Thanks Viach for the great report!
Performance difference among the three solutions is chaotic.

Regarding the keyset pagination:
It assumes that one we will iterate through the resulting pages sequentially.
I mean you can't retrieve the 50th page, without retrieving the 49th, etc.
Is that right?

In many cases though this is a negligible trade-off.

backendandbbq profile image
Viach Kakovskyi Author

Hey, Argyrios

Thank you for the good words!

I did not have the task [jumping onto a random page] since I needed to scan the whole table. But I think that the solution would work in the following way:

  1. You define the range of page numbers that should be rendered, like 10-20.
  2. You define the page size. For example, 20.
  3. You scan from the 1st page to the 10th to find user_id of the 10th page - the first one that is interesting for you. You use your page size (20) to make it (in the blog post page size of 10 000 is used).
  4. For each page from 11th to 19th you're interested in the user_id that starts a page.

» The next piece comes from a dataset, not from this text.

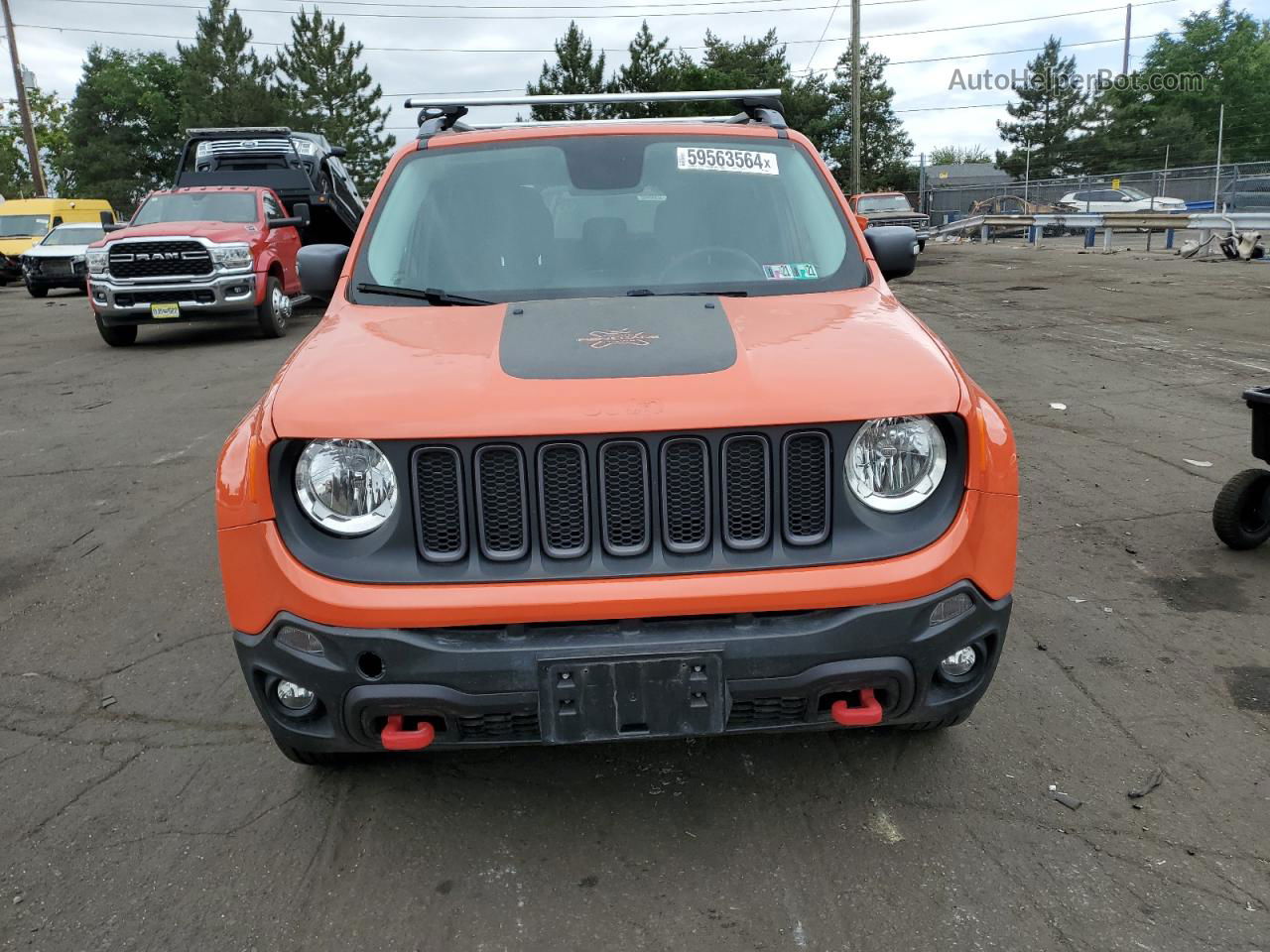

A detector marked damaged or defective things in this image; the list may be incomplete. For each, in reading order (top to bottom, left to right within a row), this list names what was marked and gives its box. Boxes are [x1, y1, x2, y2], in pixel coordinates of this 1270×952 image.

As you can see, the approach should work in production, but providing a link to a page with a random number (say, 1234th) requires scanning from the very first page every time. If the dataset is immutable, we can try to use caching.

If you're interested, I can practically test the solution or any other suggested one on my dataset for the next blog post in the series about SQL <3. It can be not very bad for the first hundreds of pages and depends on the size of a page.

argysamo profile image
Argyrios Samourkasidis • Edited

Thanks for the prompt reply!

I like the caching approach, in any case.
It would further improve performance, since the user reveals their intentions when they submit the first query. Then, the backend partitions the result into pages. (we actually considered this caching technique here!).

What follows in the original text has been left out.